Fake AI-driven ads will reduce the consumer's trust in advertising and bring a ton of regulation our way. Stop it now.

Taylor Swift’s affinity for Le Creuset is real. What is not real: Ms. Swift’s endorsement of the company’s products, which have appeared in recent weeks in ads on Facebook and elsewhere featuring her face and voice. The ads are among the many celebrity-focused scams made far more convincing by artificial intelligence.

As a practicing advertising professional, I’m particularly worried about the trend of using AI to create totally fake ads “portraying” celebrities, situations and products.

Advertising has been “self-regulating” since I can remember (and I joined the industry 47 years ago). There are lawsuits by competitors, of course, which is how we mainly self-regulate, but there is no history of heavy-handedness from the government regulating us.

A separate industry evolved of celebrities banking on their popularity to sell products. And, we, as industry, took to it like a fish to water.

So, it’s worrisome when you see an ad using an AI-generated likeness of Taylor Swift’s voice selling Le Creusset cookware and then, inside the same week, have Tom Hanks, the journalist Gayle King and the YouTube personality MrBeast all saying that A.I. versions of themselves had been used, without permission, for deceptive dental plan promotions, iPhone giveaway offers and other ads.

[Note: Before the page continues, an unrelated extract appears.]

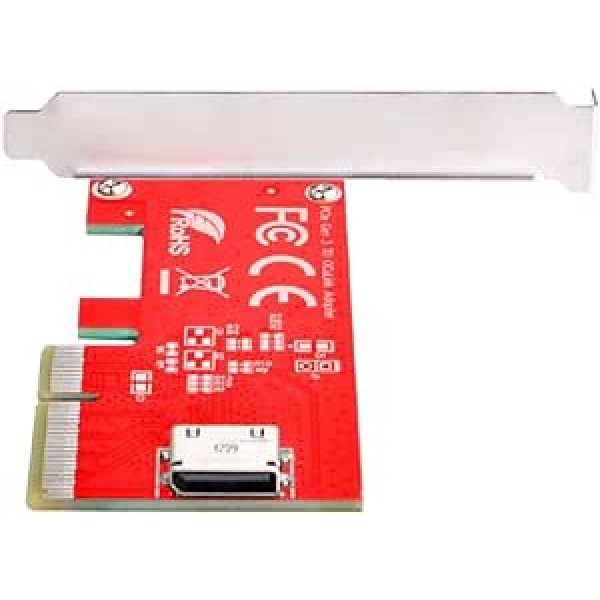 Cablecc PCI-E 3.0 Express 4.0 x4 uz Oculink iekšējo SFF-8612 SFF-8611 resursdatora adapteri PCIe SSD ar kronšteinu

The Le Creuset scam campaign also featured fabricated versions of Martha Stewart and Oprah Winfrey, who in 2022 posted an exasperated video about the prevalence of fake social media ads, emails and websites falsely claiming that she endorsed weight loss gummies.

 

My four major points:

 

  1. If advertising loses the trust and credibility of consumers, it’s toast. It behooves the industry to regulate themselves very strictly on the use of AI in advertising.

 

  1. If advertising doesn’t strictly regulate itself, there will be legislation –crushing legislation—coming our way which is not going to be pleasant.

 

  1. Media must do a way better job of stopping paid commercial fake AI-generated advertising before something happens and they, too, have some unpleasant regulation going their way too.
  2. The celebrity industry must take immediate and aggressive action against any fake use or risk losing billions in value.

 

In the end, if the marketing and advertising industry doesn’t take some preemptive action, Congress is going to take some reactive action.